In the context of literary studies, which are mainly concerned with the hermeneutic interpretation of literary texts, narratological annotation can be helpful in at least two ways. First, the identification of narrative structures can point to peculiarities of the individual texts that are in need of interpretation, thereby advancing the generation of interpretation hypotheses. Second, since narrative structures can often be detected on the surface level of texts and described intersubjectively, narratological analyses may provide a robust and concrete backing for more comprehensive and complex interpretations.
Against this backdrop, the project heureCLÉA aims at developing a “digital heuristic”: a functionality that automatically annotates specific narrative features in literary texts. To achieve this, a corpus of short stories is manually and collaboratively annotated based on a narratological tagset (cf. Gius, 2015; Gius/Jacke, 2015a). The automation is subsequently achieved in a combined approach of rule-based NLP methods and machine learning techniques (cf. Bögel et al., 2015a). However, the automation process is complicated by a specific interdisciplinary conflict: the textual phenomena literary scholars are interested in are often very complex and closely interconnected, which seems to significantly hinder the automation process.

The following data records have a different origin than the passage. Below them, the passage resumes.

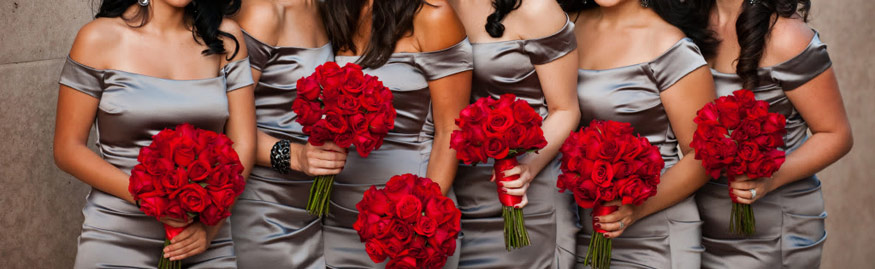 Six bridesmaids in silver-grey satin dresses holding bouquets of deep red roses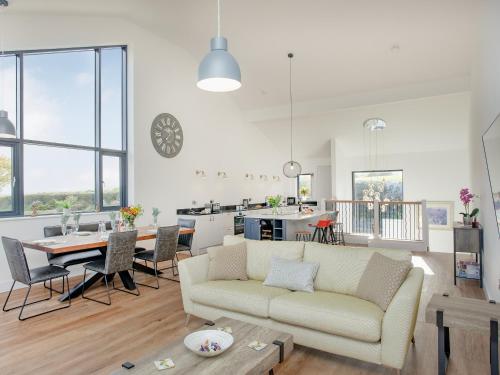 a living room with a couch and a table at Foxglove-Uk34612 in Nether Stowey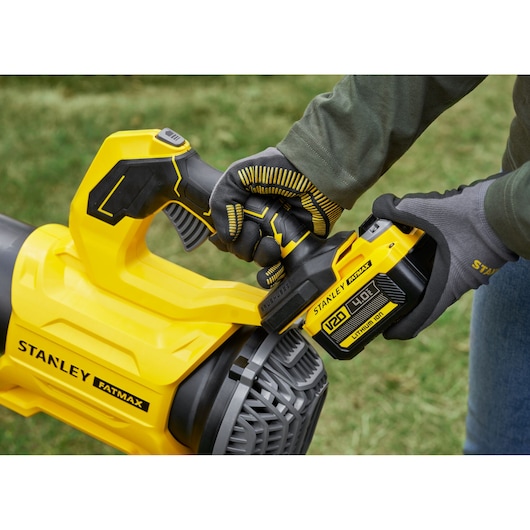STANLEY SFMCBL730M1 cordless blower close-up with gloved hand installing battery, outdoors.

In this paper, we present our way of addressing this problem by way of example: we introduce the basic narratological concept of temporal order and its theoretical prerequisites/application conditions; we show how the concept’s complexity causes technical issues in the context of automation and how converting order to the stripped-down concept of order switch significantly enhances the automation results; finally, we explain in which way the new concept is still suited for literary analysis.
The discipline of narratology mainly deals with analyzing the (textual) features typical for narrative representation (cf. Meister, 2014). Narratological text analysis is based on often widely accepted narratological concepts or categories. The project heureCLÉA focuses on the operationalization of a subset of these categories: categories that describe temporal relations between a story and its representation. These categories are: order (when does an event happen? – when is it told?), frequency (how often does it happen? – how often is it told?), and duration (how long does it take to happen? – how long does it take to tell about it?) (cf. Genette, 1980). While these categories are reckoned comparably simple and straightforward in narratology, collaborative manual annotation revealed that they are not. We would like to illustrate this using the example of order (cf. fig. 1).
Basically, the events of a story can either be presented in chronological order or the chronology can be interrupted by “flashbacks” ( analepses in narratological terms) or “flashforwards” ( prolepses). Each analepsis and prolepsis can further be qualified according to their reach and extent. Whenever anachronies occur, the whole text passage constituting the anachrony is annotated as either analepsis or prolepsis. Furthermore, anachronies may be nested: they can contain further anachronies (cf. fig. 2).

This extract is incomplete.